A l'instar d'un Splinter Cell, le joueur a le choix entre plusieurs chemins pour atteindre le même objectif. La théorie ne s'applique pas à chaque fois, mais il est assez amusant de voir que l'on sélectionne - inconsciemment - la méthode la plus compliquée en se tordant les doigts sur la manette, à tous les coups."
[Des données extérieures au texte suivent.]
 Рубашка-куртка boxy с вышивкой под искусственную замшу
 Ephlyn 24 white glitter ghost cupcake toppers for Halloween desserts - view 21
Mirror's Edge n'est pas à confondre avec un FPS pur et dur - Battlefield : Bad Company au hasard - et introduit les fusillades d'une tout autre façon. Munie d'une santé de nouveau-né, Faith a tout intérêt à courir plus vite que les balles pour ne pas se faire coller un headshot au sniper. Le combat à proprement parler apparaît donc comme l'ultime recours dans Mirror's Edge, et les premières tentatives sont assez explicites à ce niveau là. Deux droites bien placées suffisent à envoyer la petite dans le coma, et à peine trois cartouches sont nécessaires pour retrouver l'ambiance gunbarrel des James Bond. Par ailleurs, il faudra de longues secondes à Faith pour reprendre ses esprits et panser ses blessures, un détail qui a son importance lorsque l'on est dans l'urgence. Au corps à corps, on pourra toujours essayer de caloter l'adversaire avec quelques crochets, mais c'est le désarmement qui se montrera le plus efficace finalement. Cela se passe via un pseudo-QTE en gros, pendant lequel il faudra attendre que l'arme du bandit clignote en rouge pour presser Y / Triangle, et exécuter ainsi une projection neutralisante. Classe. Ce qui l'est un peu moins par contre, c'est que l'on ne peut compter que sur les munitions qui se trouvent dans le chargeur du moment pour se défendre. Frustrant et excitant à la fois en fait. Il ne faudra pas chercher l'exploit dans l'I.A. en tout cas, les soldats se positionnent strictement de la même façon, et il reviendra au joueur de choisir lequel éliminer le premier pour poursuivre sa route. Si les affrontements directs sont facultatifs au départ, ils deviennent obligatoires par la suite, ce qui fait singulièrement grimper le nombre d'échecs et le taux de frustration. Vous voilà prévenus. Enfin, comment ne pas évoquer le thème principal de Mirror's Edge interprété par Lisa Miskovsky, ainsi que l'ambiance sonore du jeu en général qui est de bonne facture. Du bon travail qui rattrape un état de Grâce (Faith peut ralentir le temps pour mieux attaquer ses ennemis) anecdotique.